= Beginning of Section =
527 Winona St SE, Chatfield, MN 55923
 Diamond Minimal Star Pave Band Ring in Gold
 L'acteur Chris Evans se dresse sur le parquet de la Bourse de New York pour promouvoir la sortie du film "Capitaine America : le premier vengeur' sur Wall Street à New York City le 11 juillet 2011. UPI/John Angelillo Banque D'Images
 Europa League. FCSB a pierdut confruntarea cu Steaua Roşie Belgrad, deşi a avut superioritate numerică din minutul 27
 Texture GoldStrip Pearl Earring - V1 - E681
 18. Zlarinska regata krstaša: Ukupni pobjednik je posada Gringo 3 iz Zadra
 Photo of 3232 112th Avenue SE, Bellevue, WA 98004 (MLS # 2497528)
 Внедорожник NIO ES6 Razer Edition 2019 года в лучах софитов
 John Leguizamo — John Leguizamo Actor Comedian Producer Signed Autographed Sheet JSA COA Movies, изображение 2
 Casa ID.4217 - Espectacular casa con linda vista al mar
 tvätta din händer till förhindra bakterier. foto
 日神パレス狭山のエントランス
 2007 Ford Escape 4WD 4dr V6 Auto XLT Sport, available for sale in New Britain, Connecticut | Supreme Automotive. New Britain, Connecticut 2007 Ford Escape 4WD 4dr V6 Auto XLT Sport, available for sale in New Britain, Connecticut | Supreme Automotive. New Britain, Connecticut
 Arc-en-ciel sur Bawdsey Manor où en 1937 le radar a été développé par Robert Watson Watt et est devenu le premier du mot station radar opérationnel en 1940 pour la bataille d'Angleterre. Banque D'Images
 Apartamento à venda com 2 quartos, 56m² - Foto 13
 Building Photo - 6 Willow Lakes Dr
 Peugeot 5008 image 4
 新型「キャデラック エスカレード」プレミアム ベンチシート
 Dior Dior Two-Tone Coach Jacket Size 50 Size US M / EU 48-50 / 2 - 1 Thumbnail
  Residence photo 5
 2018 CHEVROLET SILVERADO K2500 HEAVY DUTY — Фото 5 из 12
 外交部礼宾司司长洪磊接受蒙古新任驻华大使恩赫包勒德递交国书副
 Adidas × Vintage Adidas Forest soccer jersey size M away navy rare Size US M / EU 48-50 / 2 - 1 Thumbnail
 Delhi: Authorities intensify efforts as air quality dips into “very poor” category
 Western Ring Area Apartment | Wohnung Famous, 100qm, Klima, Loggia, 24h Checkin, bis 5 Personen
= End of Section =
• **Task directions**: From the line containing "外交部礼宾司司长洪磊接受蒙古新任驻华大使恩赫包勒德递交国书副" through the last line of the records above, reproduce every line exactly.

• **Your solution**:
 外交部礼宾司司长洪磊接受蒙古新任驻华大使恩赫包勒德递交国书副
 Adidas × Vintage Adidas Forest soccer jersey size M away navy rare Size US M / EU 48-50 / 2 - 1 Thumbnail
 Delhi: Authorities intensify efforts as air quality dips into “very poor” category
 Western Ring Area Apartment | Wohnung Famous, 100qm, Klima, Loggia, 24h Checkin, bis 5 Personen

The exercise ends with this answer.